> [Provided records]:
★ ★ ★ ★ ★

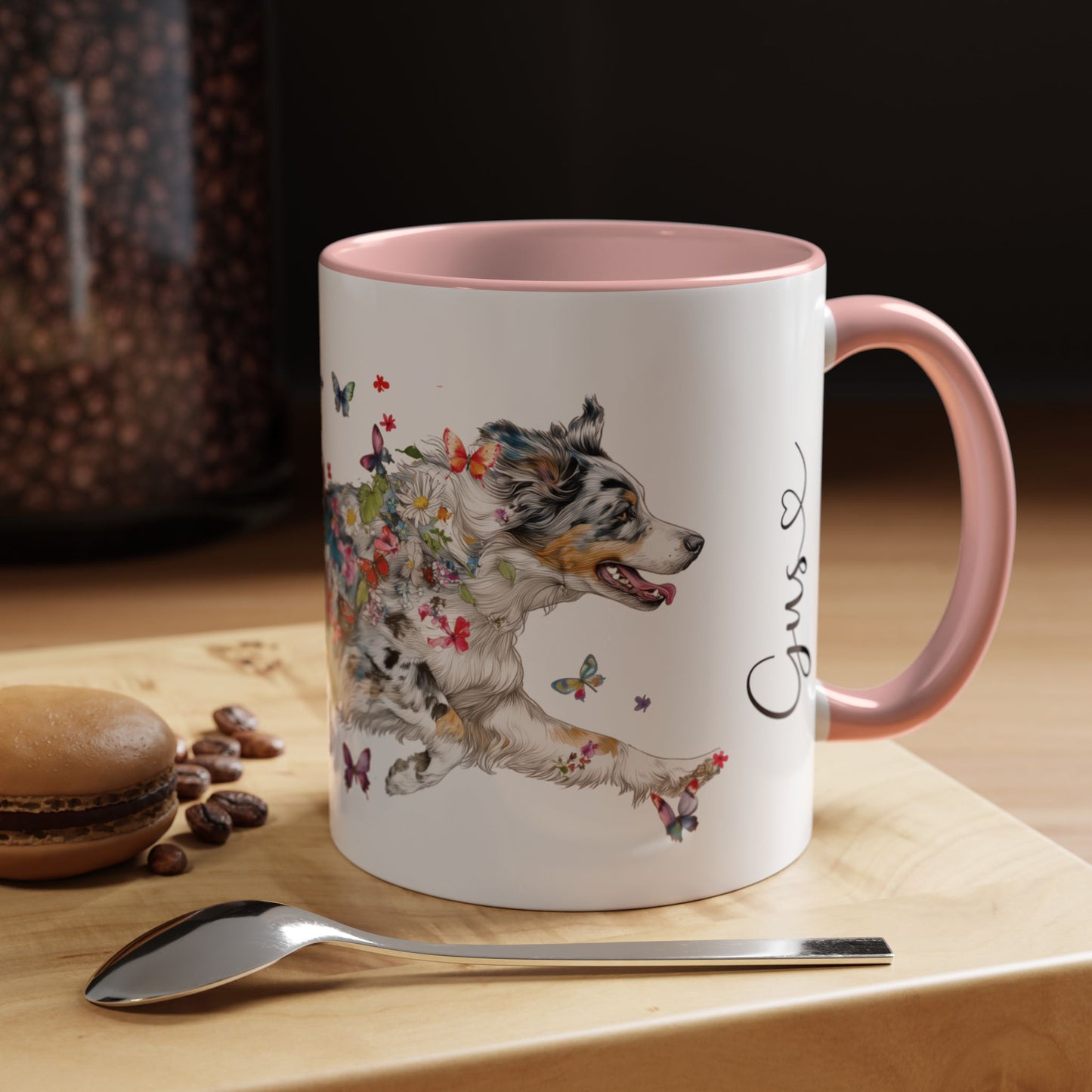 Aussie Doodle Blue Merle Personalized Accent Mugs, 11oz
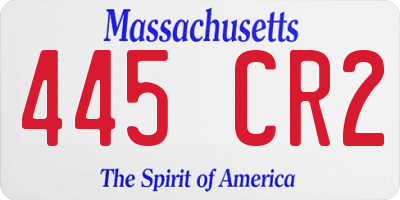 MA license plate 445CR2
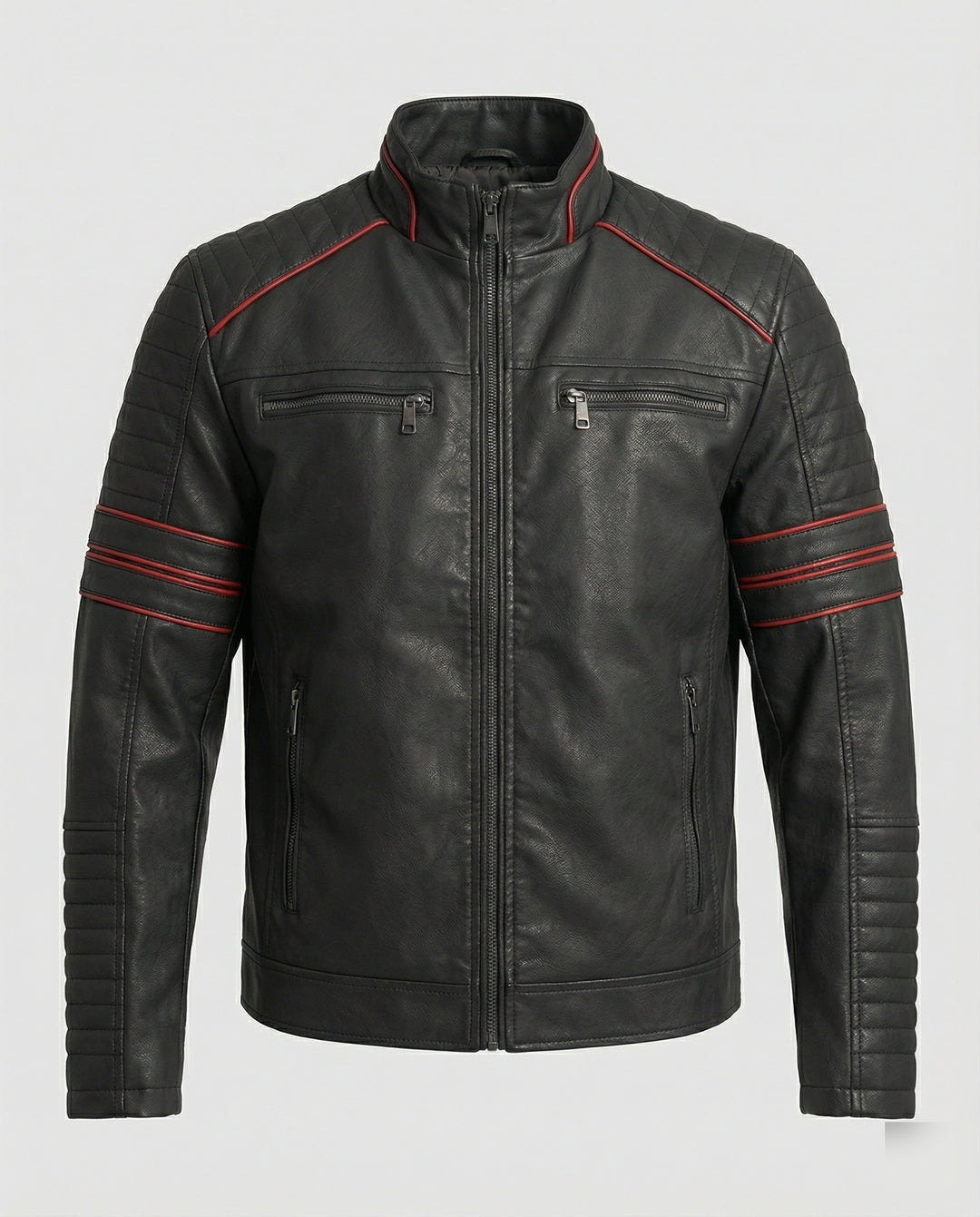 Herren Biker Lederjacke mit Steppung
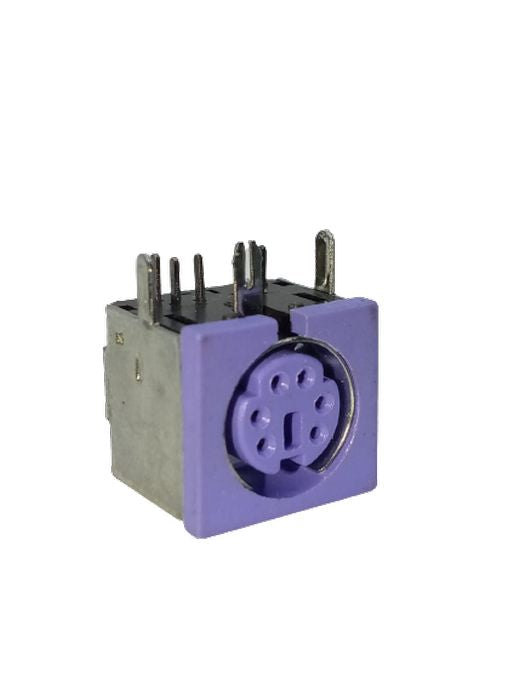 PCB Mount 6 Pin Mini DIN Socket Audio Video Connector - a purple, square-faced electronic component with a six-pin female port and metal mounting pins.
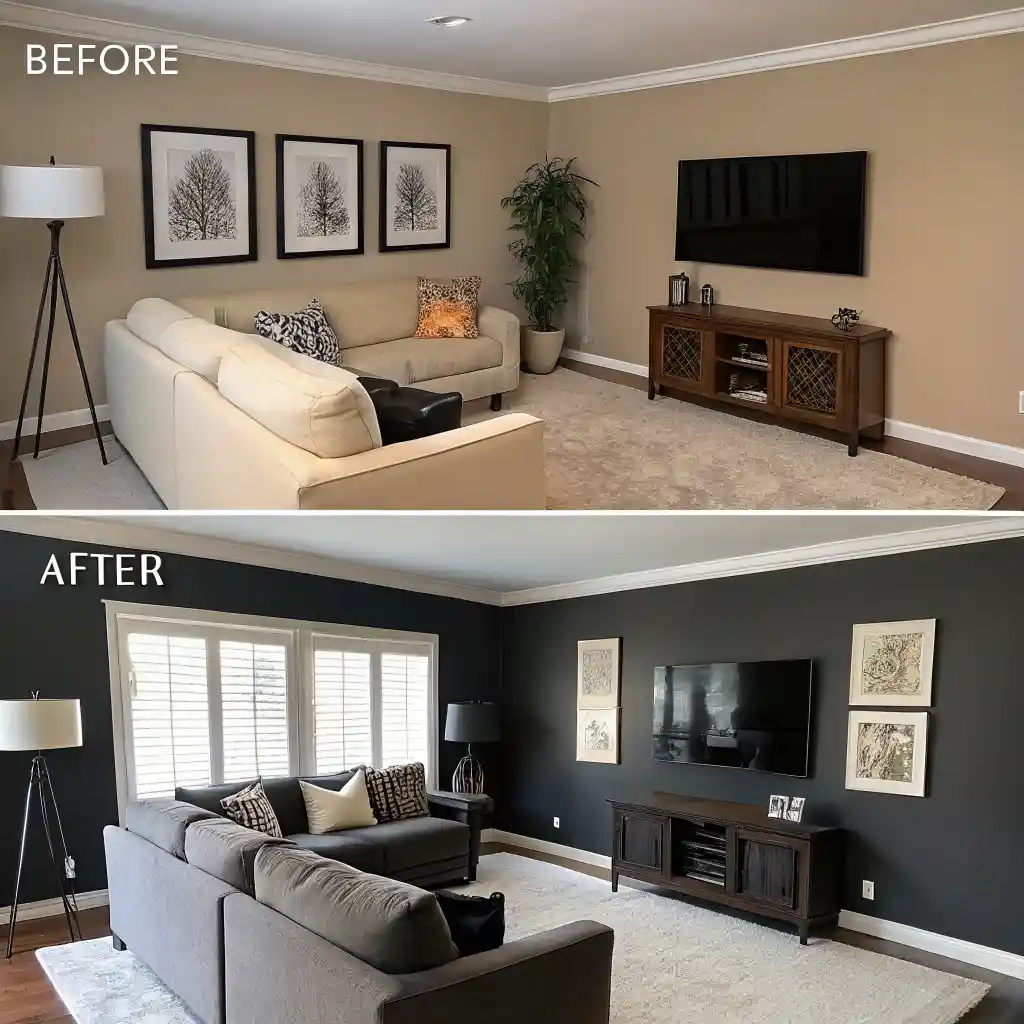 Before-and-after transformation of a living room with dark walls.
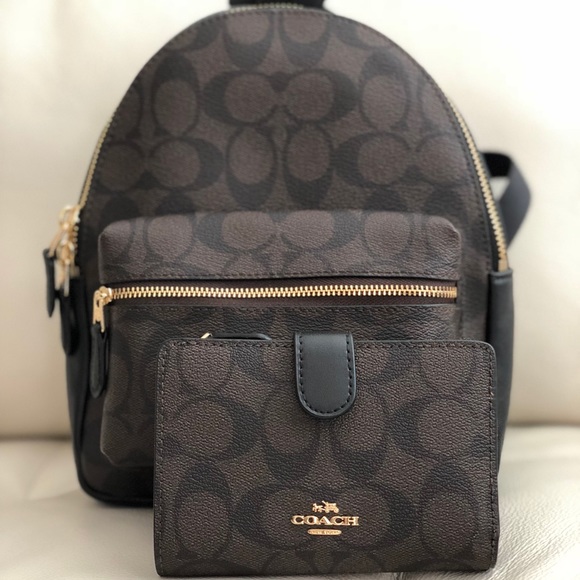 Coach Handbags - COACH CHARLIE MINI BACKPACK IN SIGNATURE & WALLET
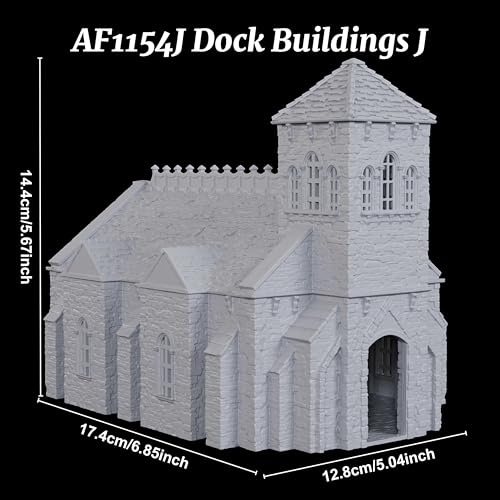 AUSPDICE DND Terrain 25mm 고딕 예배당, 도색되지 않은 TTRPG 빌딩 풍경 | 1:64 스케일 3피스 스톤 교회, 탈착식 지붕 섹션과 던전 앤 드래곤을 위한 디테일한 내부 - AF1154J - color: Af1154j Dock Buildings J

★ ★ ★ ★ ★

> [Task item]: The answer must consist of the entries above, reproduced word for word, without any pictures.

> [Your solution]:
 Aussie Doodle Blue Merle Personalized Accent Mugs, 11oz
 MA license plate 445CR2
 Herren Biker Lederjacke mit Steppung
 PCB Mount 6 Pin Mini DIN Socket Audio Video Connector - a purple, square-faced electronic component with a six-pin female port and metal mounting pins.
 Before-and-after transformation of a living room with dark walls.
 Coach Handbags - COACH CHARLIE MINI BACKPACK IN SIGNATURE & WALLET
 AUSPDICE DND Terrain 25mm 고딕 예배당, 도색되지 않은 TTRPG 빌딩 풍경 | 1:64 스케일 3피스 스톤 교회, 탈착식 지붕 섹션과 던전 앤 드래곤을 위한 디테일한 내부 - AF1154J - color: Af1154j Dock Buildings J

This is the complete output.